The eruption began at around 11:30 p.m. HST on Sunday (November 27) in Moku‘āweoweo, the summit caldera of Mauna Loa, according to the United States Geological Survey, which noted that it was not believed to be threatening to communities located downhill.
The Hawai'i Tourism Authority said it was "closely monitoring" the eruption, also noting that the eruption wasn't believed to threaten nearby communities.
Officials are, however, warning that up to a quarter inch of ashfall may accumulate on parts of the island, with fine ash and volcanic gas possibly being carried down by winds.

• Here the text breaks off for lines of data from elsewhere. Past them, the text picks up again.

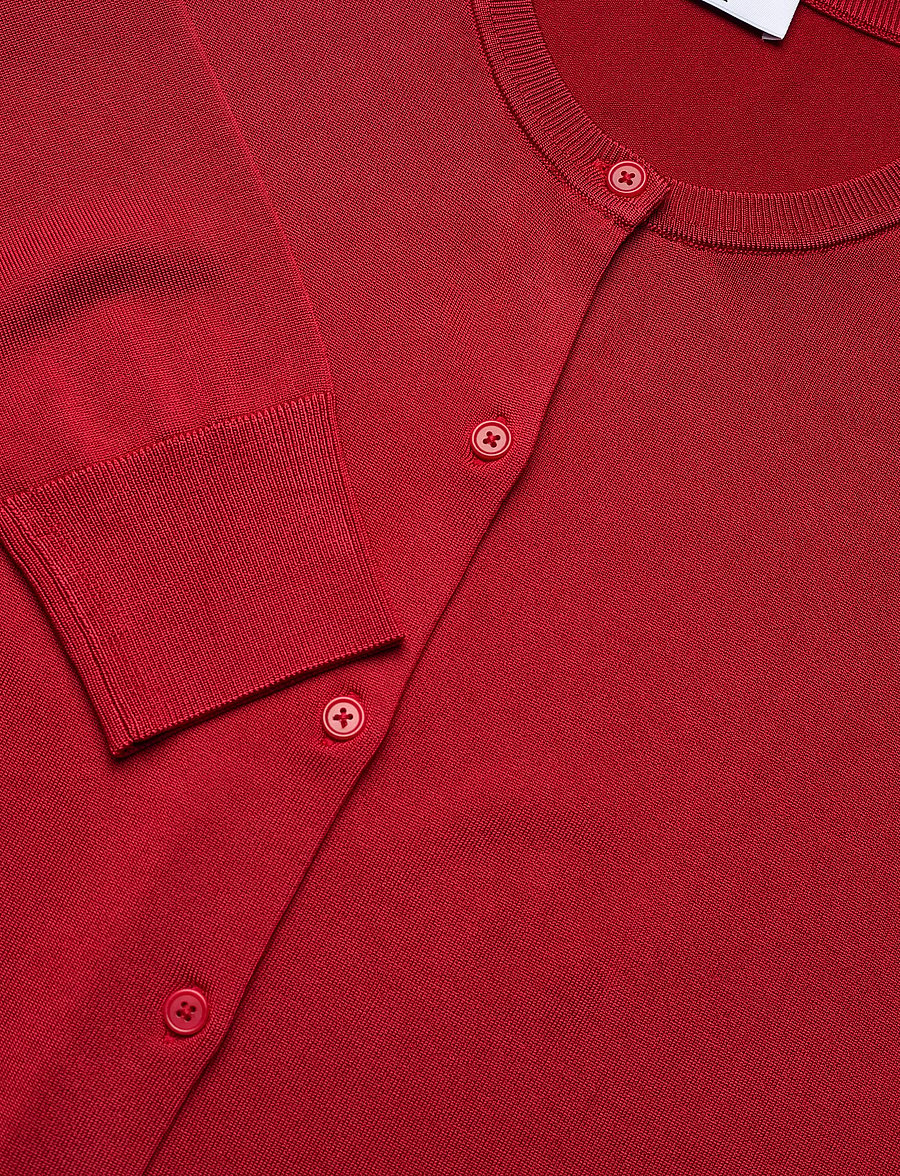 Filippa K - Glossy Knit Cardigan - muotitrendit - dark red - 2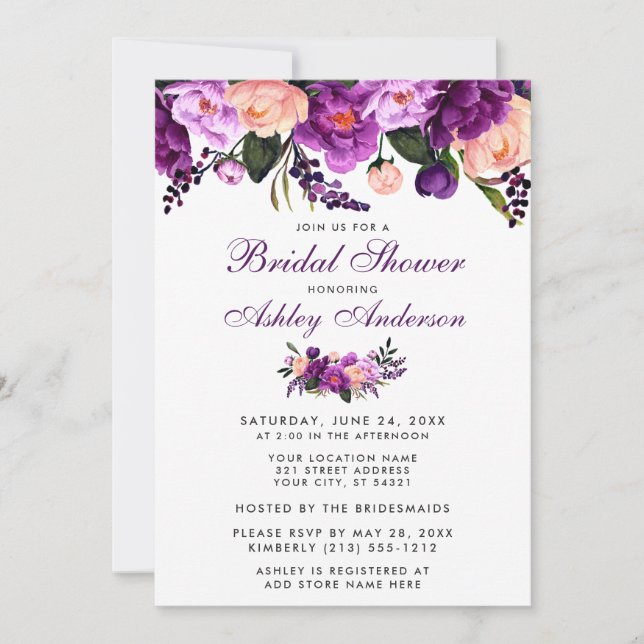 Invitación a ducha de novia con flores moradas ult (Anverso)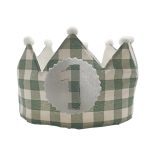 Corona de cumpleaños infantil con estampado vichy clásico, ajustable y reutilizable para fiestas y fotos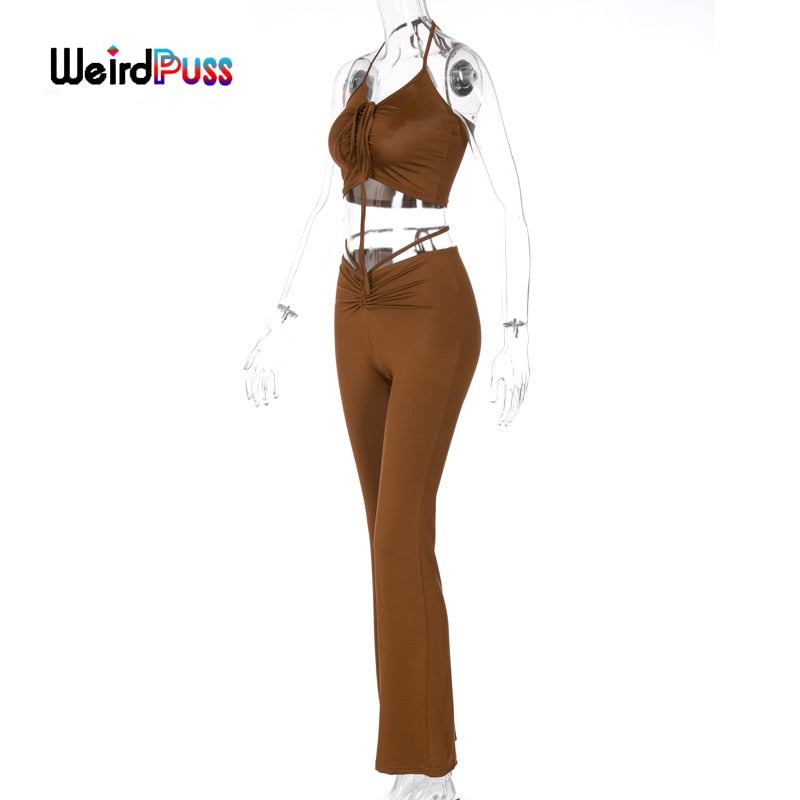 2 Piece Halter bandage v-neck sleeveless ruched tops sweatpants matching clubwear stretchy skinny bodycon Set The Clothing Company Sydney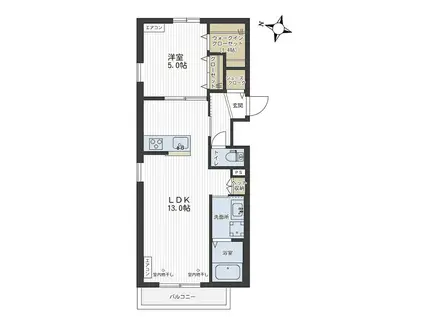 GRACE FLARE(1LDK/2階)の間取り写真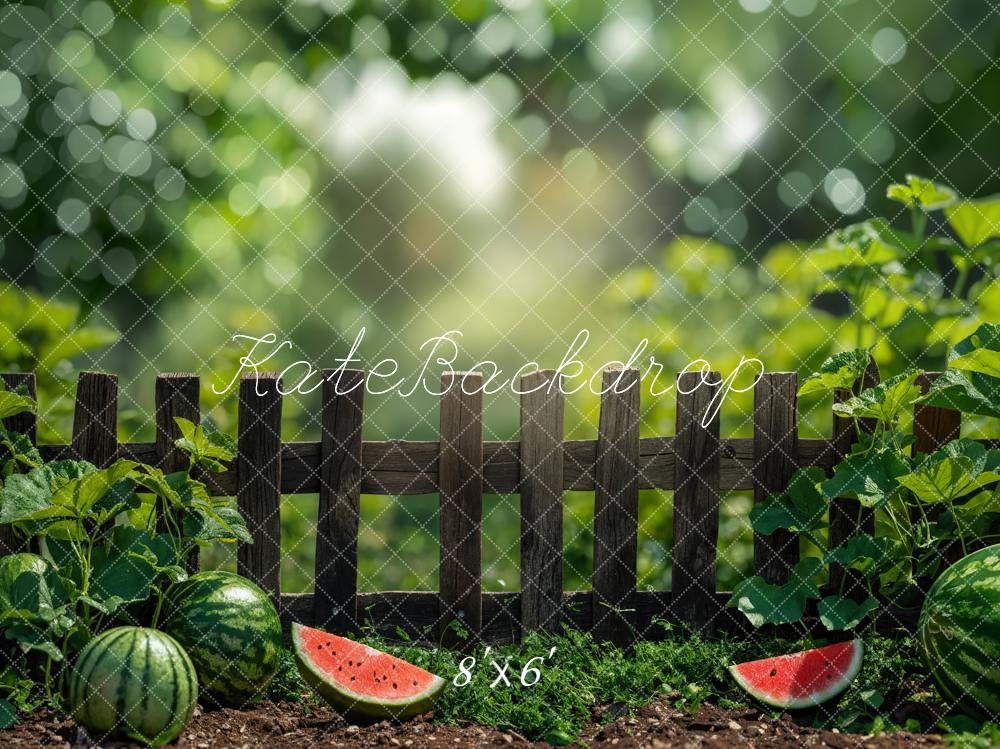 Kate Summer Bokeh Green Plant Watermelon Brown Fence Backdrop Designed by Emetselch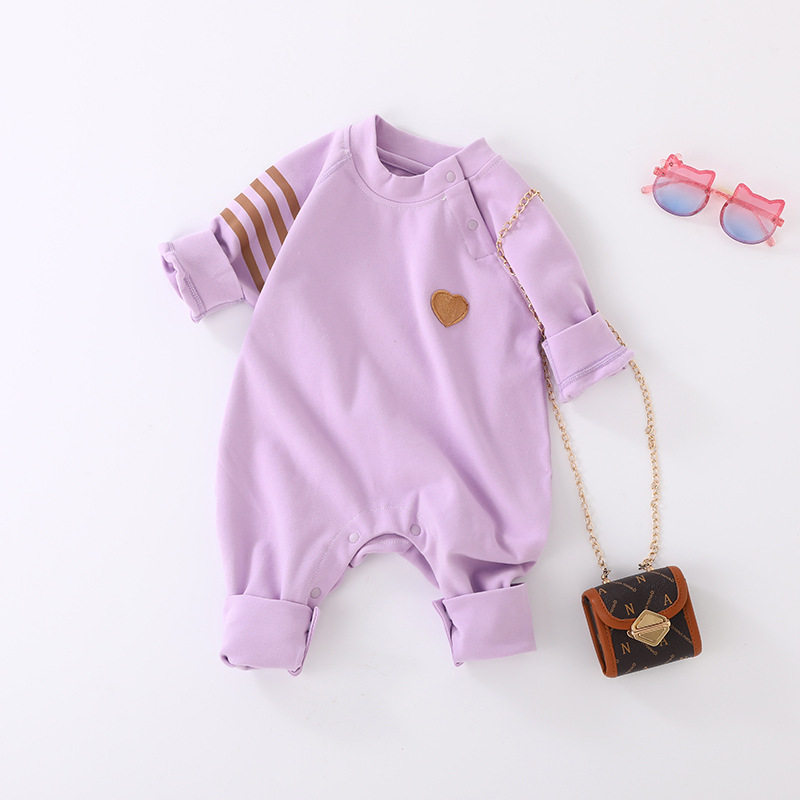 秋款小愛心連身衣紫色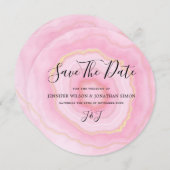 Elegante verblichene Wasserfarbe Gold rosa Tor Save The Date (Vorne/Hinten)
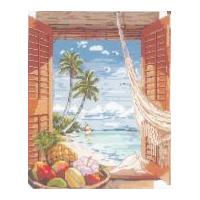 Janlynn Counted Cross Stitch Kit Tropical Vacation Window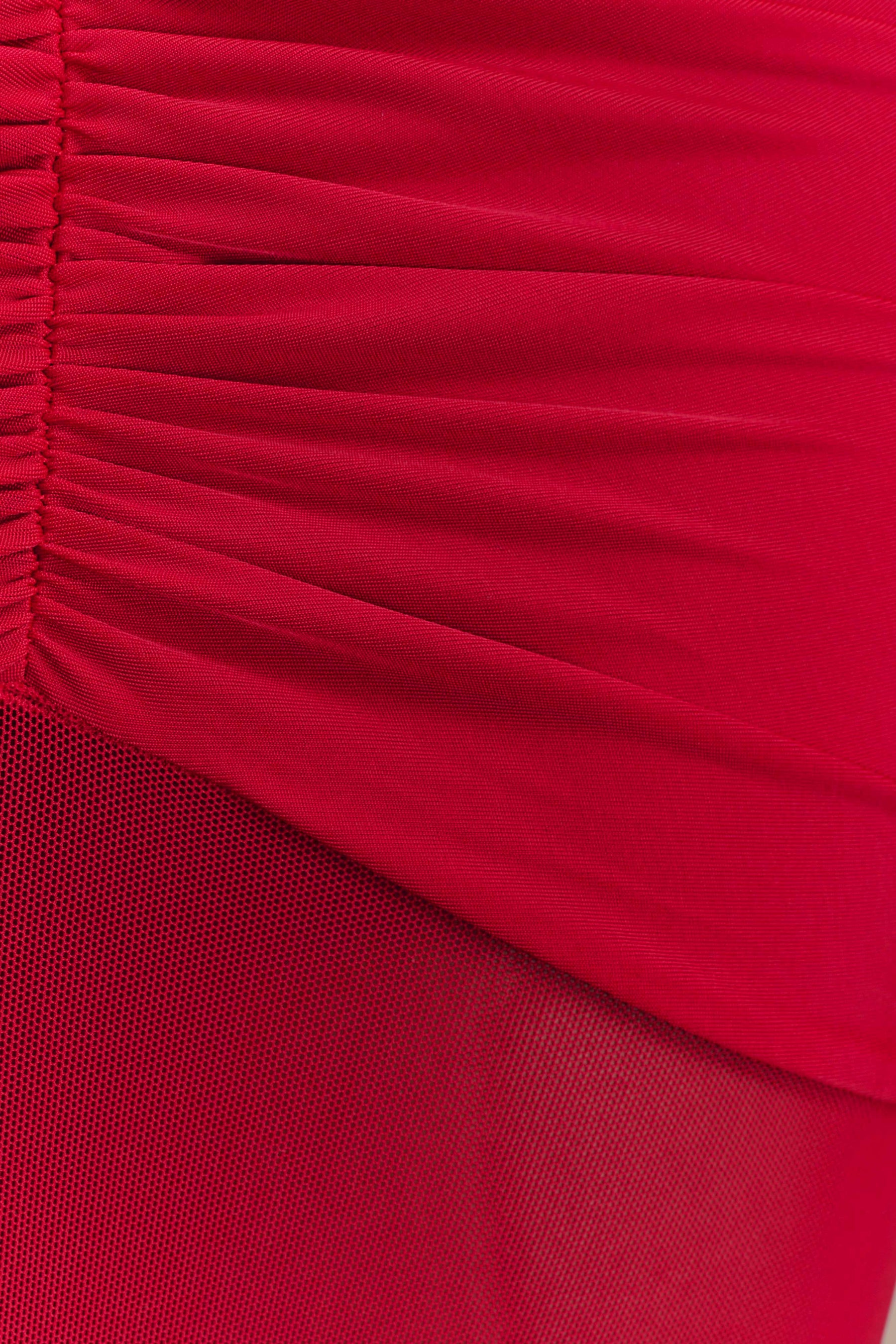 Delaney Slinky And Mesh Maxi Dress - Red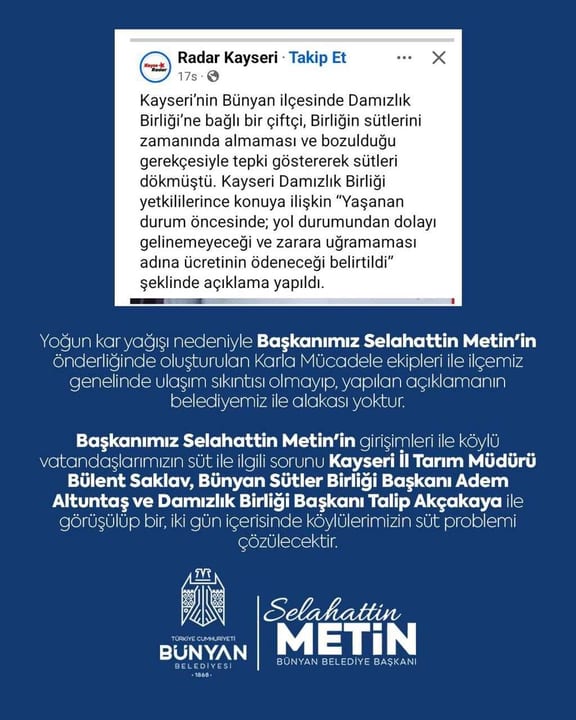 Bünyan Belediyesi'nden süt tartışmasına yanıt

“People with respiratory illnesses should remain indoors to avoid inhaling the ash particles and anyone outside should cover their mouth and nose with a mask or cloth,” the National Weather Service in Honolulu said via CNN.
“Possible harm to crops and animals. Minor equipment and infrastructure damage. Reduced visibility. Widespread clean-up may be necessary,” the agency added.
Lava flows are contained in the summit area, which is why the downslope communities aren't believed to be threatened by the eruption, according to the Hawaiian Volcano Observatory.
“Based on past events, the early stages of a Mauna Loa eruption can be very dynamic and the location and advance of lava flows can change rapidly,” the observatory said via CNN, adding, “If the eruption remains in Moku’āweoweo, lava flows will most likely be confined within the caldera walls.
“However, if the eruptive vents migrate outside its walls, lava flows may move rapidly downslope.”
Mauna Loa, which stretches to half of the island of Hawai'i, last erupted in 1984, which is the volcano's longest prolonged quiet period in its history, having previously erupted 33 times since 1843.